What it doesn’t account for are the materials and labor removed from the economy to repair the window — materials that could have been more effectively put toward creating something new.
But uh, you’re an accountant if I remember correctly — you probably already know that. :P Adventurers then… good for the economy or bad? Lol. I think they’d be “venture capitalists,” amiright? xD
It largely depends on where the treasure came from. If it’s in a ruin, guarded by a dragon, undead, etc., chances are, it’s been out of the economy for some time. If it’s been recently stolen by bandits or demi-humans, that’s another story completely.
Adventurers dumping a dragon’s hoard onto an unsuspecting small agrarian economy could cause gold prices to collapse. Returning stolen specie to a fragile agrarian economy would restore liquidity which it had been deprived of.
And no, not an accountant, though i do work on software that tracks healthcare accounts.
I guess it’s sort of like how no one complains about how sunken Spanish galleons have taken gold out of the world economy, but if too many sunken treasures get brought up in a short period of time, the value of the treasures drop proportionally.
If you get a minute, you should look up Mansa Musa. In fact, he just made his way into my post today.

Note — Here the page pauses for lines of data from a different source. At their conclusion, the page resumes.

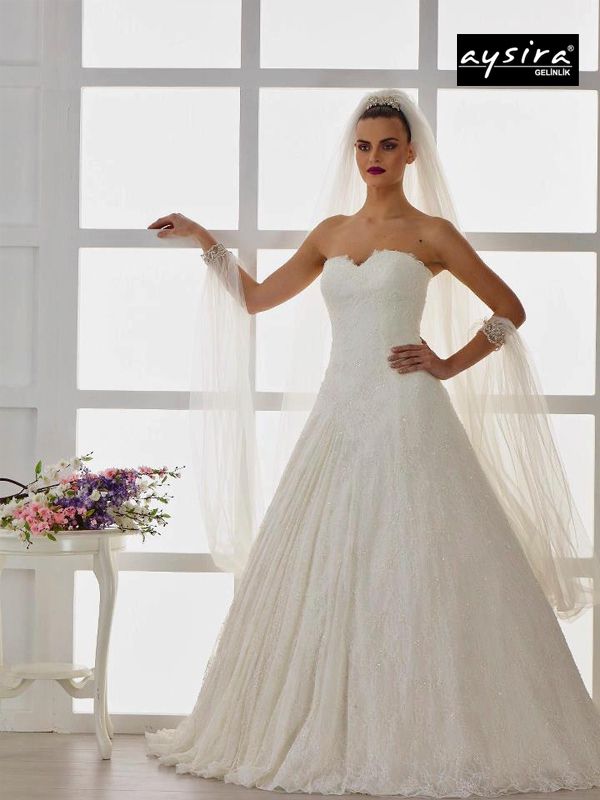 Aysira Wedding Dresses 2013 collection — look 2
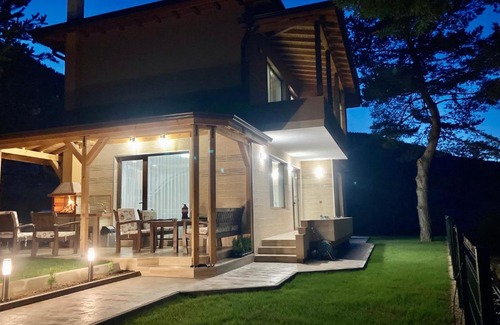 Sarnitsa House | Family-Friendly Comfort at Вила Сияна Awaiting You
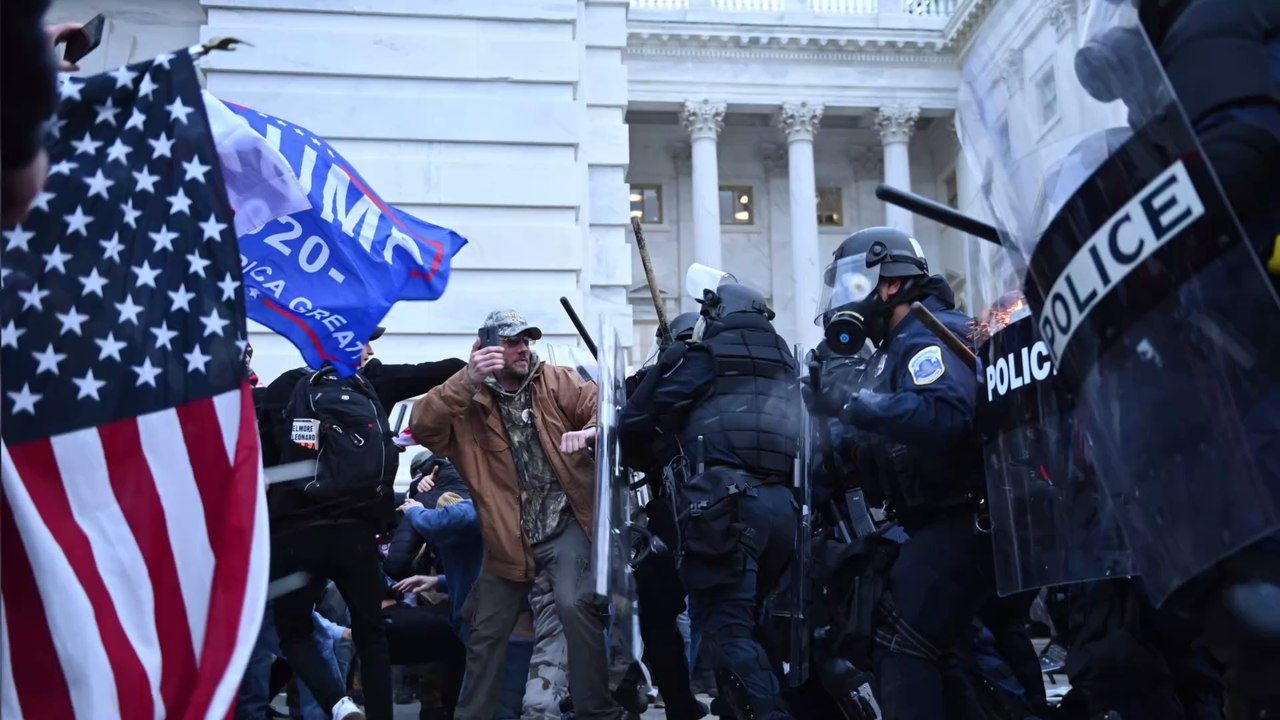 Wie Trump mit seiner Rede den Sturm des Kapitols ermutigt hat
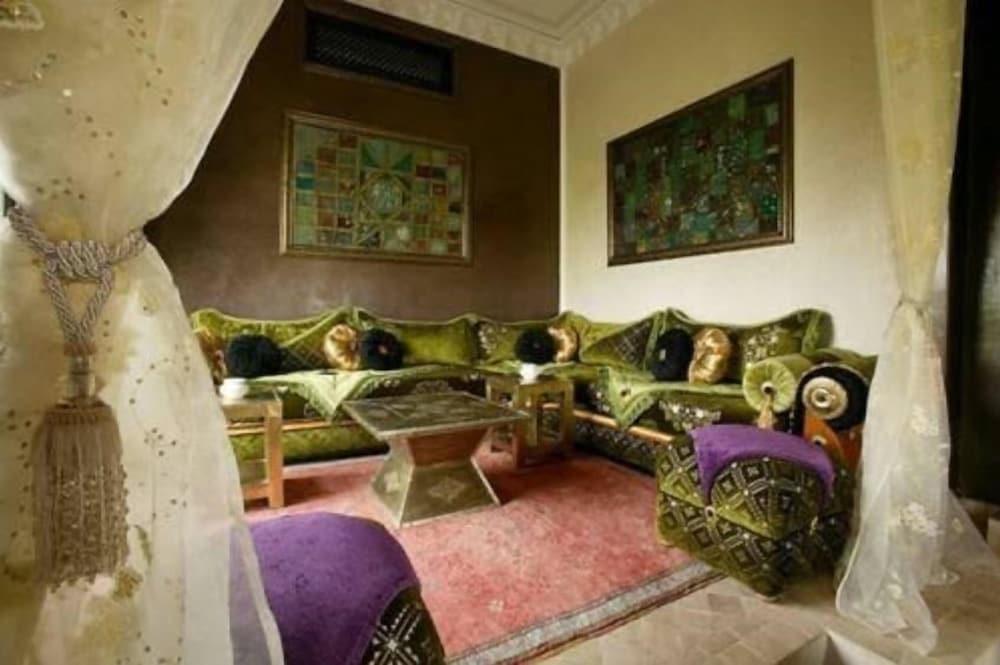 Villa Dar Taous - Lobby Sitting Area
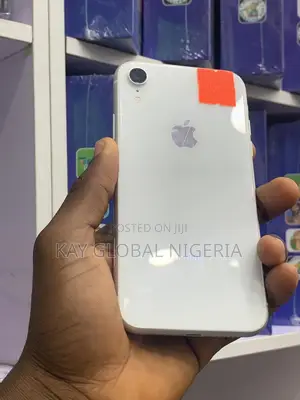 Apple iPhone XR 64 GB White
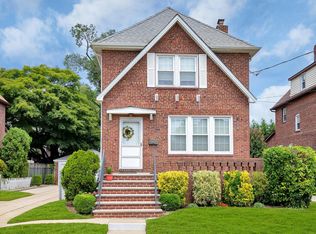 69 Westminster Rd, Lynbrook, NY 11563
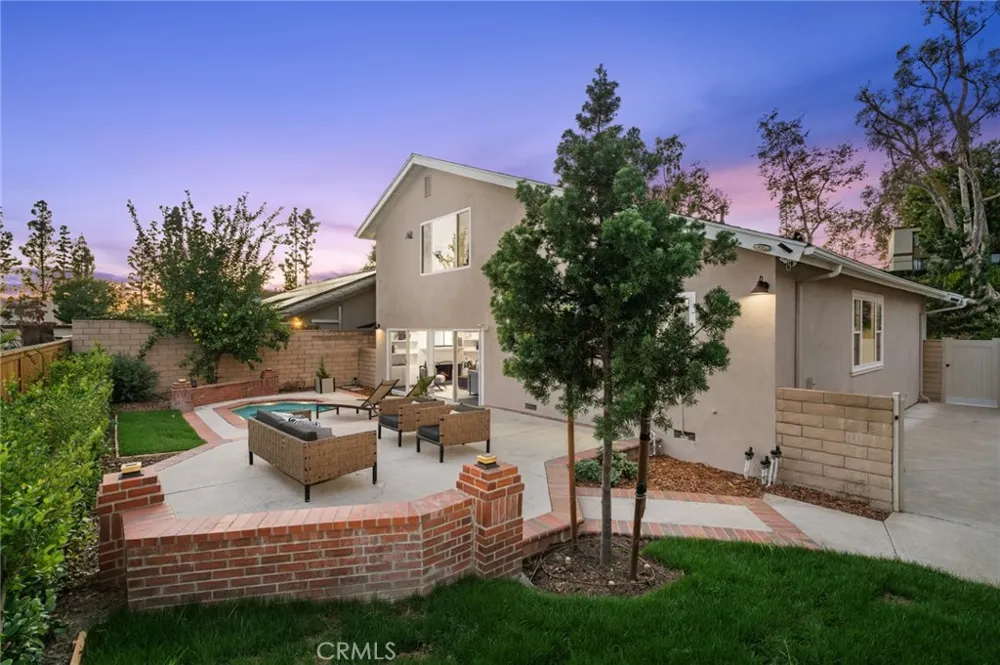25182 Stockport Laguna Hills, CA 92653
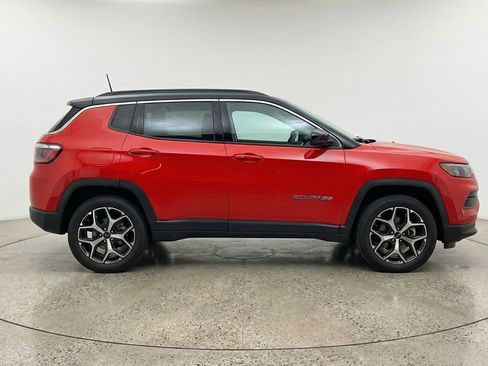 Used 2025 Jeep Compass Limited image 11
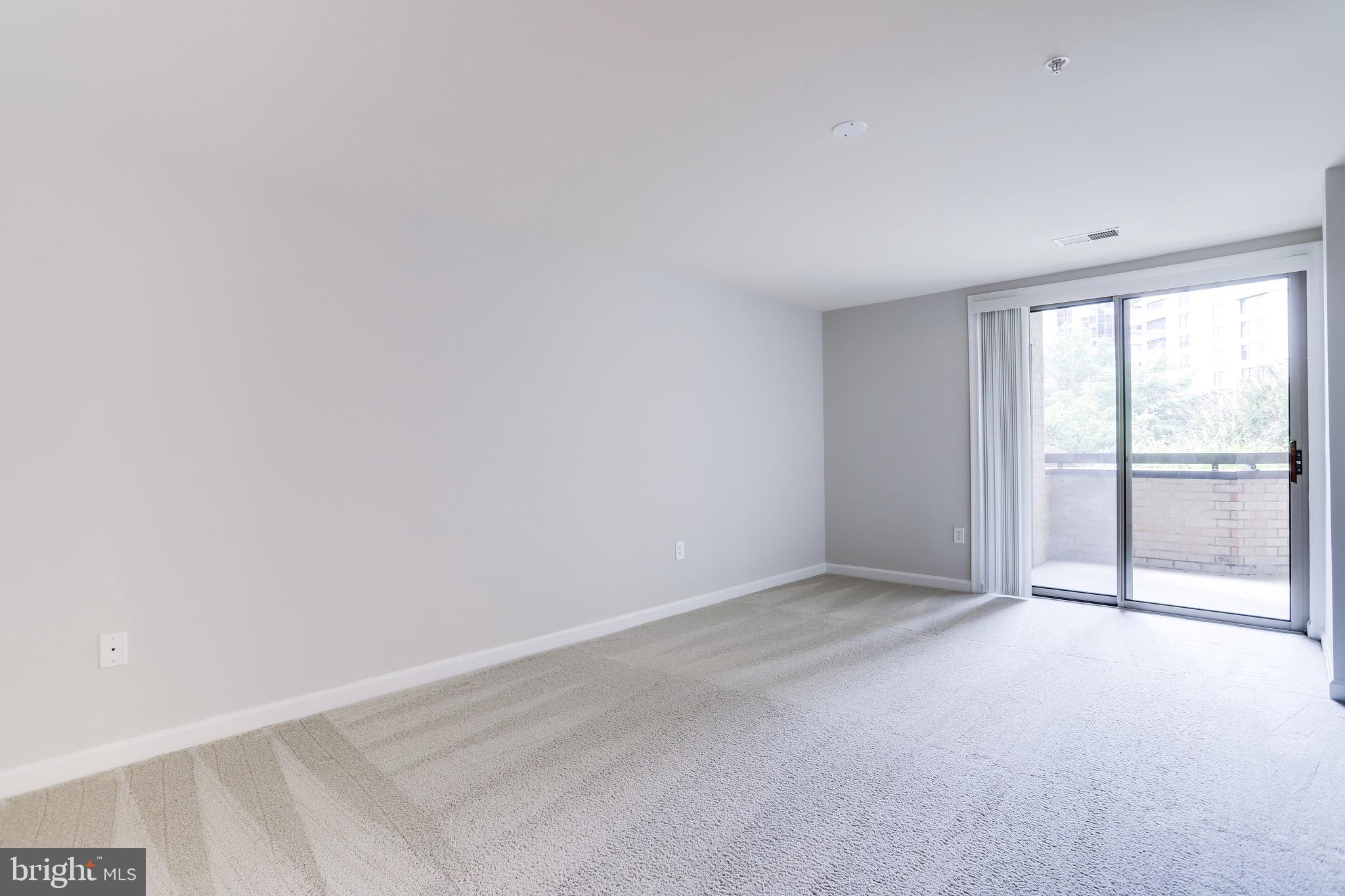 VIRGINIA SQUARE - Residential Lease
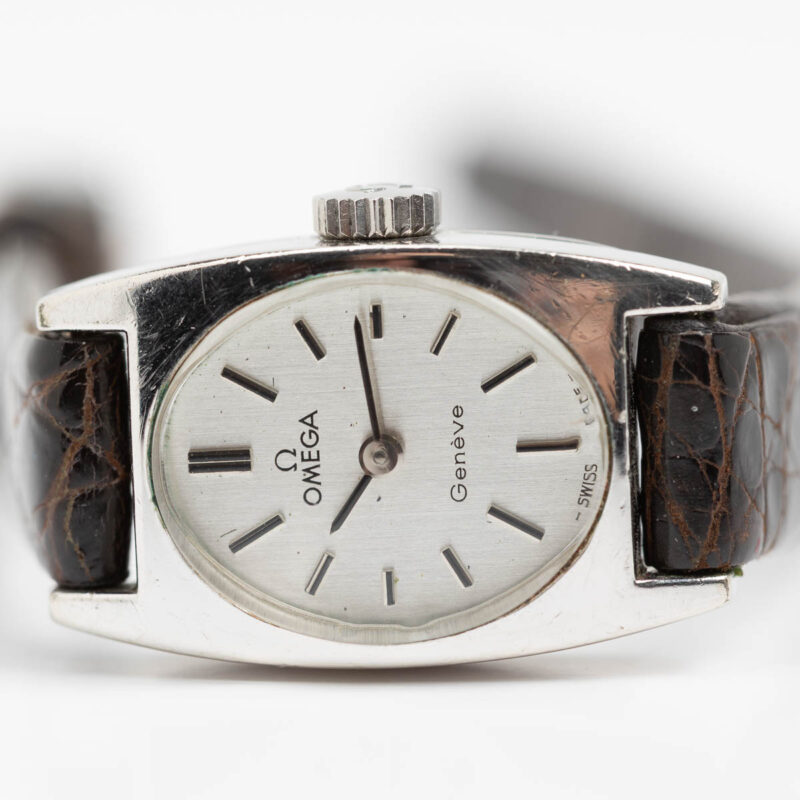 Ladies Omega Genève Cal. 485 Ref. 511.362. From 1971. Manual movment. Plated white gold.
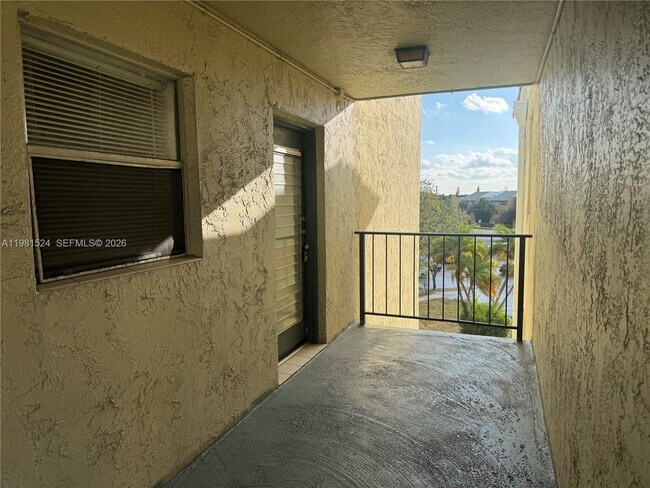 Building Photo - 1800 SW 81st Ave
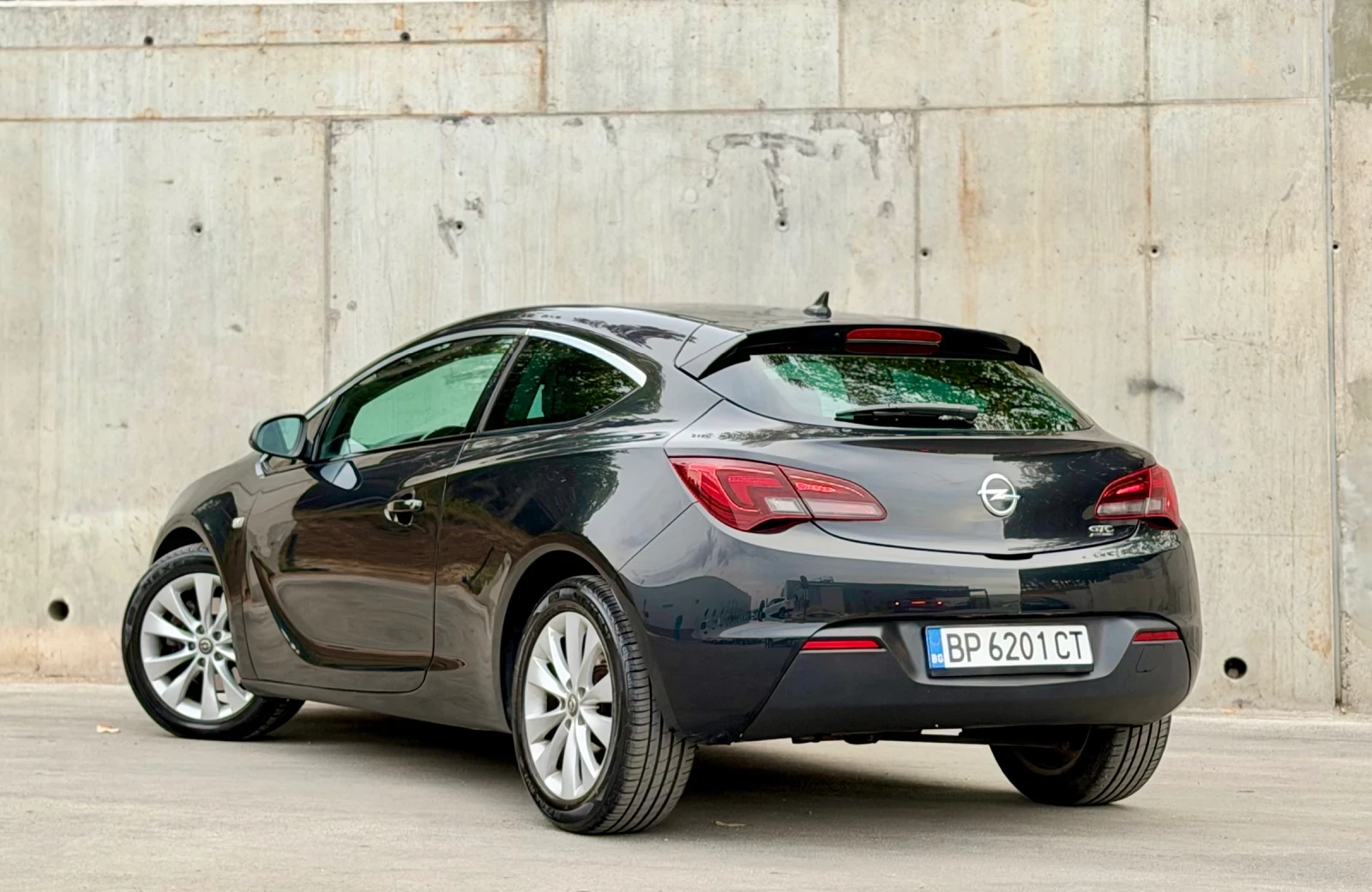 Opel Astra 1.7CDTi~110hp~GTC~НАВИГАЦИЯ, снимка 7 - Автомобили и джипове - 56280769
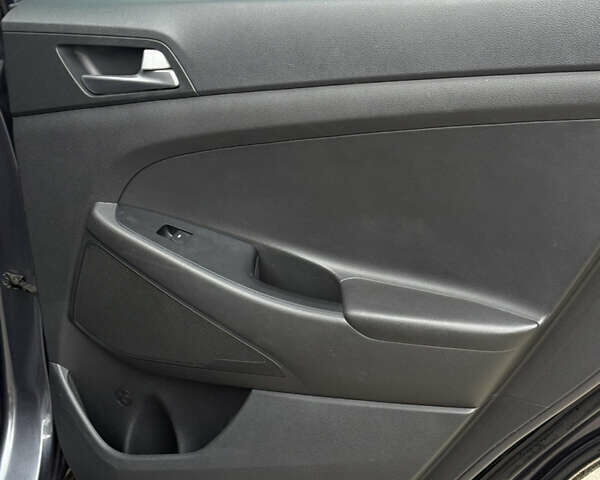 Серый Хендай Туксон, объемом двигателя 2 л и пробегом 195 тыс. км за 15000 $, фото 16 на Automoto.ua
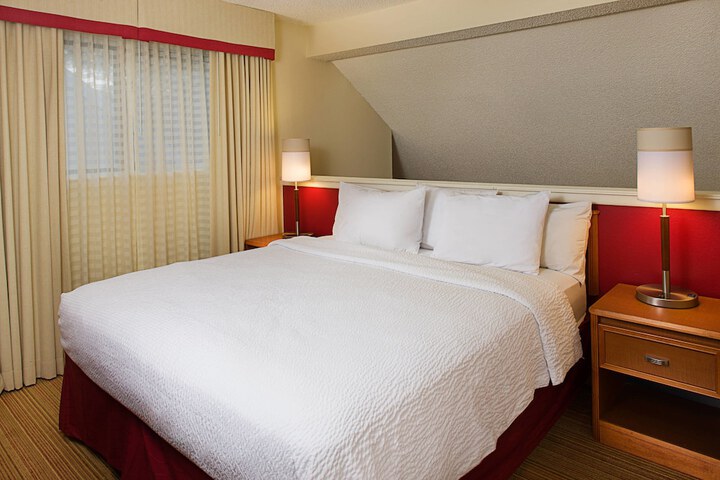 Room 5 of 23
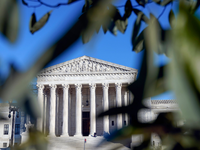 Das Oberste Gericht der USA schaltet sich in den juristischen Streit um die Teilnahme Donald Trumps an den Vorwahlen für die republikanische Präsidentschaftskandidatur ein. - Foto: Mariam Zuhaib/AP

I had some complicated thoughts that spilled over into several posts. I read your “Fantastic Economics” post and a lot of what I wanted to say spilled over into my “When Economies Collide” post from this afternoon.
I think it would be cool if creating a town or settlement or city were as fun and easy as rolling up a character. It seems like it should be possible — I mean, if elves and dwarves can have lifespans of X hundred years, with backstories and stuff, why can’t cities be made to function like characters?
Cool, can’t wait to check them out.
There was a rudimentary spreadsheet program called “Box Full of Flumph” or something like that that was a D&D Town Generator of sorts; it would randomly create character names, occupations, and alignments. I don’t remember how in depth it went (probably not very), but it might be something worth looking at to get some ideas of where to start.
Also, I cannot for the life of me remember where, and would not be surprised if it were a Campaign Mastery post, but somewhere a long time ago, someone did a post about the average number and types of artisans a typical medieval community could support based on population. It involved a good deal of raw numbers. That would be another place to start looking for how to roll up towns. Total population : Peasantry : Artisans : Breakdown of Artisans. Larger populations support a more diversified economic base.